Assumimos com Epicuro que todos os prazeres são de uma só e mesma espécie, sendo que para ele o prazer é a ausência de dor física (aponía) e a ausência da dor corpórea (ataraxía).
Ora, temos prazeres que são naturais e necessários, como exemplo pode-se citar: comer quando se tem fome. Temos também os prazeres naturais e não necessários, como exemplo pode-se citar: comer alimentos refinados e por fim temos os prazeres não naturais e não necessários, que podemos citar o exemplo da busca desenfreada pela riqueza.
Immanuel Kant assume esses conceitos, porém dá novos horizontes a eles:
“A razão, numa lei prática, determina a vontade imediata, não por intermédio de um sentimento de prazer ou de desprazer que venha se interpor entre as duas, nem sequer por intermédio do prazer ligado a esta lei: e é só porque ela pode ser prática como razão pura que lhe é possível ser legislativa.” (KANT, I. Crítica da razão prática).

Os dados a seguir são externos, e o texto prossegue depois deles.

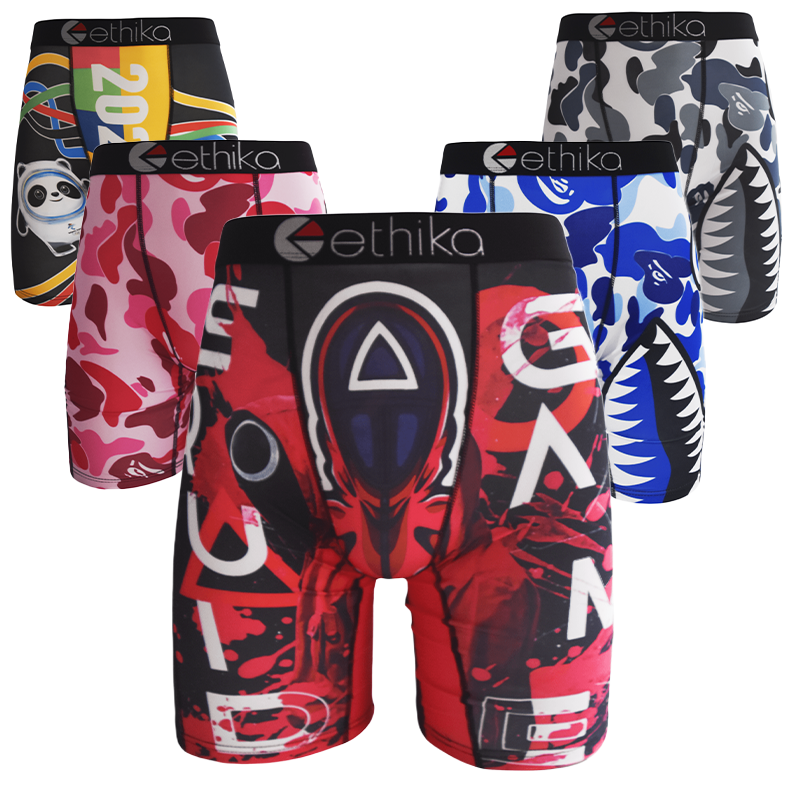 ETHIKA летнее сексуальное мужское нижнее белье боксеры Cueca трусики нижнее белье трусы боксеры дышащие мужские трусы-боксеры с принтом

Kant introduz novos conceitos que necessariamente precisamos entender para compreender a sua tese, são eles: a razão pura são determinações que são feitas a priori, isto é, sua justificação não depende de qualquer processo particular da experiência. Também podendo significar razão teórica pura, que determina a natureza do que é, lógica interna. A razão prática é uma fonte autônoma de princípios normativos, capaz de motivar o comportamento independente do desejo e da aversão ordinária.
Para Kant os prazes são de uma só e mesma espécie como em Epicuro, porém a razão pura, sendo prática por si só, ou seja, sem inclinações deve determinar o desejo e sendo assim ela é a faculdade superior de desejar.
No cristianismo podemos admitir o que Kant fala, na medida em que admitimos que a fé seja a priori e nos leva necessariamente a uma prática e sendo assim essa prática é pura; porém não o que Epicuro fala pois o sofrimento tem papel central no cristianismo.
Ora, estamos vivendo ainda no tempo pascal e memoramos o sacrifício cruento da cruz que é essencialmente sofrimento e redenção e aí o cristianismo entende o verdadeiro sentido do sofrimento, que é a nossa redenção como maior prova de amor de um Deus que nos ama infinitamente. Que possamos em nossa vida através da fé entender o sentido primeiro da cruz e assim consecutivamente o nosso sofrimento, nos levando a uma atitude de misericórdia para com os nossos irmãos.